On the one hand, this is a great way for us to maintain connections with the people close to us, no matter what time it is, or how far we actually live from each other. Relatives in another country can be easily reached through text, audio or video chat. Social media allows us to capture a single, happy moment of our life and share it with everyone who matters instantly.

But this ability to instantly update friends, family—and even the public at large—about our activities while both fulfilling and convenient, also serves another purpose that few people think about. It is a timeline and often legally admissible testimony of our attitudes and activities.

The Digital Double Life Does Not Exist

In old days of the Internet era, things were largely anonymous. Communication with others on a large scale was difficult, and most people only interacted with large groups of people in the form of online forums, where anonymous accounts were created. Who you were in real life was largely hidden from the people online, and some people created a “second life” for themselves online where they would say and do things they would never attempt in real life.

In the modern Internet era, things are very different. Most people leave a substantial “digital footprint,” whether that is their own social media accounts—which anyone in the public can access—or participation in other forms of electronic communities and interactions. For example, someone claiming to be a seasoned professional who doesn’t have a LinkedIn account would be regarded with a large amount of skepticism by other professionals who understand the importance of that professional online community.

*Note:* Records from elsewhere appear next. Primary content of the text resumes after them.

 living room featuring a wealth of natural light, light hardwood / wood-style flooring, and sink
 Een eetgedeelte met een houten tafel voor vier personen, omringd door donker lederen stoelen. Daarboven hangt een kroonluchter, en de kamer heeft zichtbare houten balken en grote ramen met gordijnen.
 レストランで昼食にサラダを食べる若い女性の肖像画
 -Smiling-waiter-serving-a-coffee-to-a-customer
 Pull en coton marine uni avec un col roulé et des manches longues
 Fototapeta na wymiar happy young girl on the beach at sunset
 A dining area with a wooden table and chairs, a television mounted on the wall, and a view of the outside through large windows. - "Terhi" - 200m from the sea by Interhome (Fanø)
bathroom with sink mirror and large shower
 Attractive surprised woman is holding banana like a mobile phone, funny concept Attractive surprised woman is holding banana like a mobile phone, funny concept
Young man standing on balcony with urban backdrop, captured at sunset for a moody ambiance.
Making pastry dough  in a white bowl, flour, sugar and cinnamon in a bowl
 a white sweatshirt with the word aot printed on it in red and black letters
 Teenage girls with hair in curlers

This means that for many people in modern life, there is little to no separation between what is said and done online and what occurs in real life. And that means that anything you say, do or document digitally is something that can be examined in court.

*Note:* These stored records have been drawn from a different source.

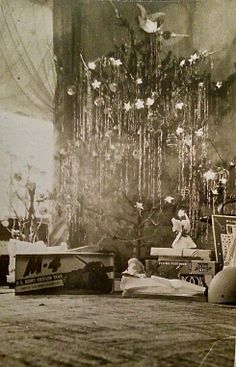 an old black and white photo with many items on the floor in front of a christmas tree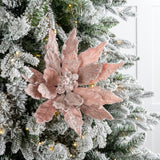 Decorative pink poinsettia on a Christmas tree with white lights.
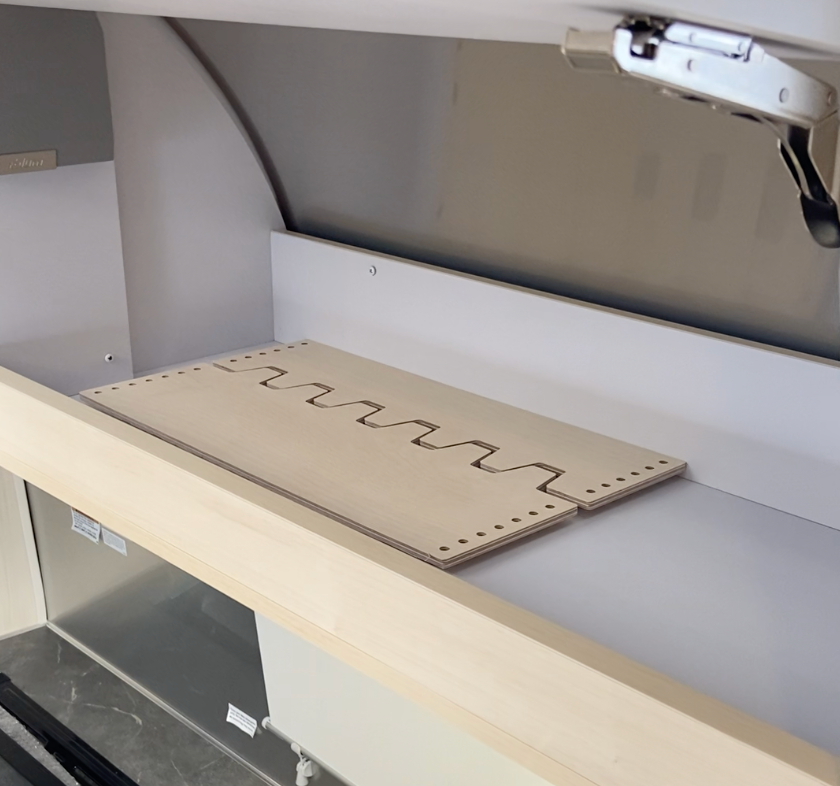 A flat wooden board with a wavy groove and small holes along the edges rests inside a clean, empty fume hood. The fume hood door is partially open, revealing the interior space and some visible labels.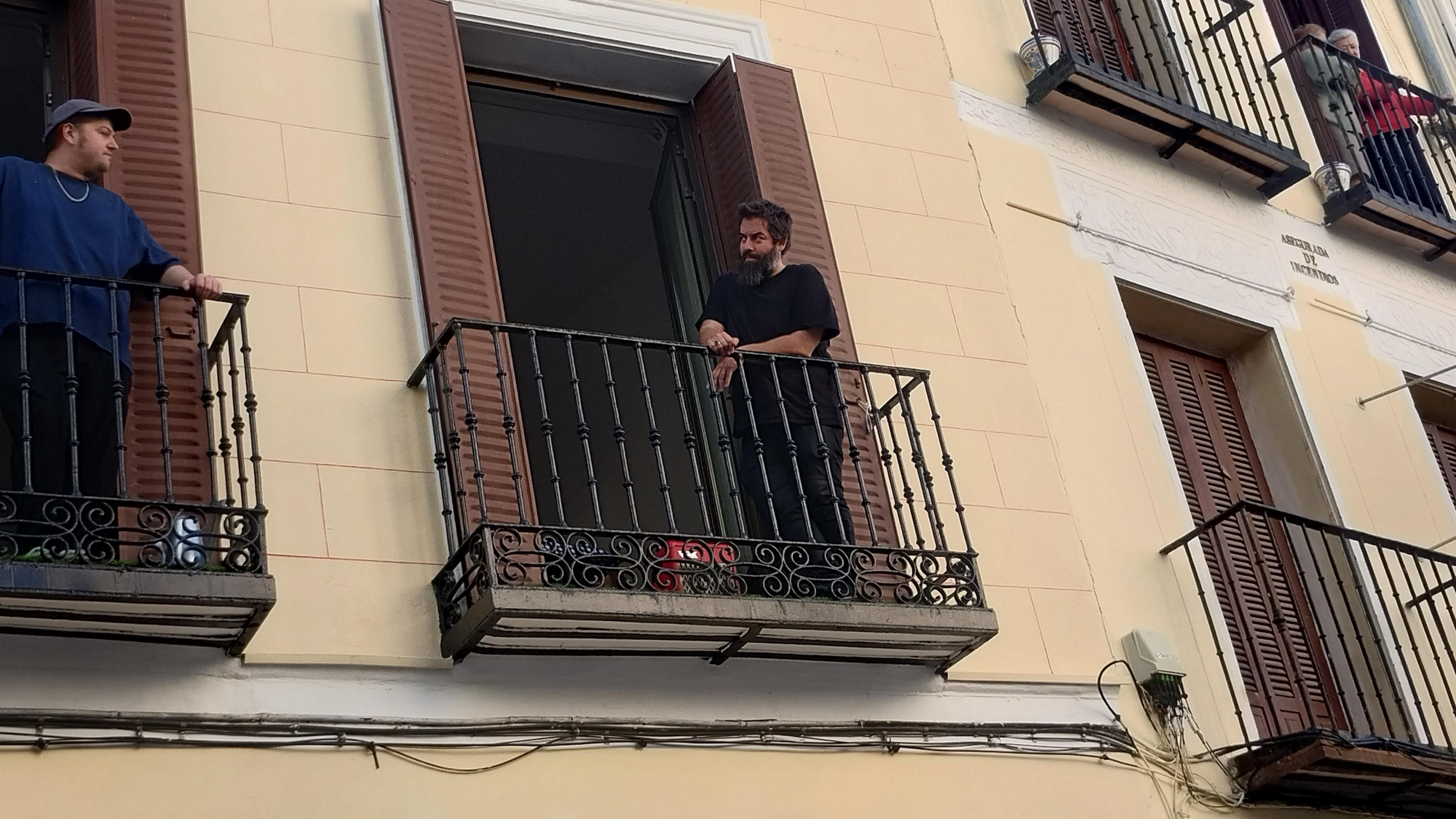 Un vecino de la plaza San Ildefonso enchufa un altavoz a su radio para dar a conocer las noticias en la plaza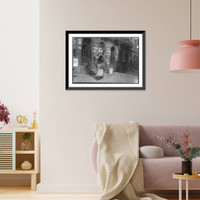 Historic Framed Print, Tired woman with heavy load of home-work. Lafayette St., near Astor Place. Location: New York, New York (State),  17-7/8" x 21-7/8"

Investigation Is Easier Digitally

In court cases, forensic examination has had a whole new—and in some ways, much easier—world open up to them with the widespread embrace of digital communication technology. Every time you use a cellular phone, you give your location away to your phone’s service provider in order for them to give you communication coverage. Every time you send a photo or a chat message over social media, the company that runs the service must know about your activity in order to properly share it with either people on your list, or the general public.

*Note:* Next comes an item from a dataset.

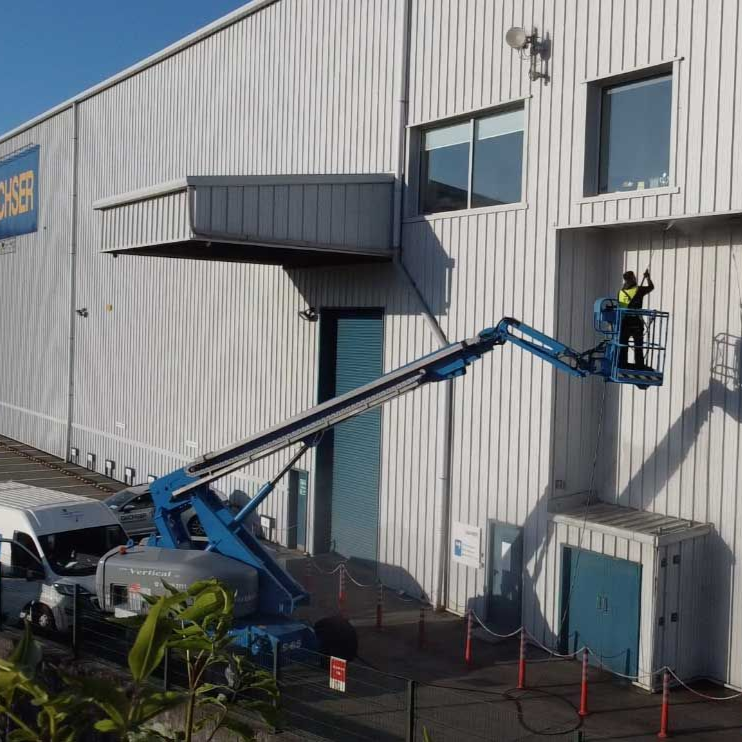 Person in lift bucket working on building exterior. Blue and white building with a utility vehicle parked nearby.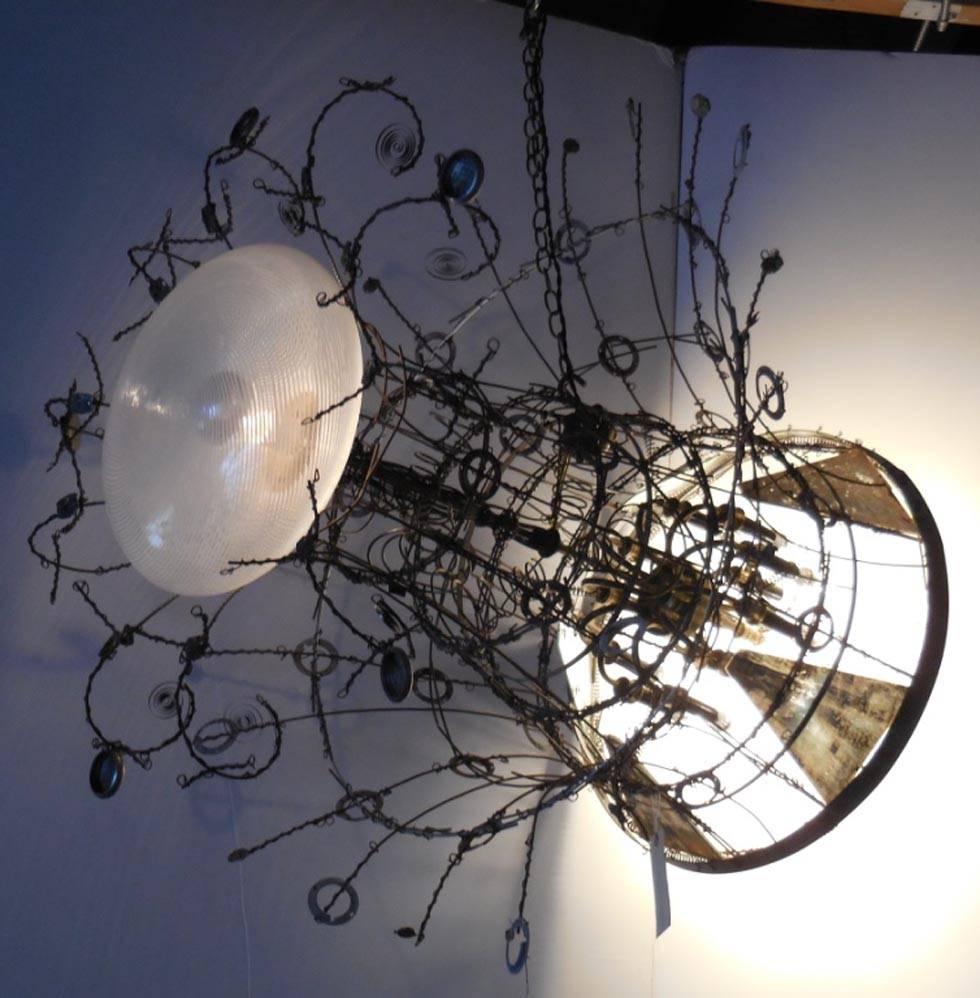 Whimsical recycled materials fantasy steampunk chandelier!  A rocket taking off leaving a trail of light! made by Matthew Culbert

This means that every time you undertake a digital activity you are leaving trackable evidence of your activities. In order for this technology to work, someone MUST know what you are doing or where you are, in order for your desired digital outcome to take place, and that means this information is stored somewhere.

Your Best Friend & Worst Enemy

This means, for example, that if you get into a traffic accident where you are not at fault and the other driver drives away, your phone can be an invaluable assistant in gathering evidence. By taking photos and videos of the accident, not only are you capturing image evidence that can be used in court, this evidence is often time-stamped, so that the date and time are clearly known. If you capture a photo of that car driving away, with the license plate clearly visible, any claims the driver may make in court about not being present at the accident are a lie thanks to the digital evidence you have gathered.

This same accuracy can also work against you if you are trying to cover something up. For example if you were texting, or taking photos of yourself while driving, and that distracted state got you into the accident, all of that is documented as well. Even if you take the extra—and illegal—precaution of advising people you were texting to erase any text messages in an attempt to bury evidence, records of your device being active and sending out messages are present on company records, even if the text messages or photos taken have been deleted.

A heavily digital lifestyle isn’t just convenient for you, it is convenient for lawyers and other investigators that are trying to get to the truth of something like a personal injury case, or wrongful death case. Depending on how you were using your own technology during an incident, that digital trail can either help or harm your case.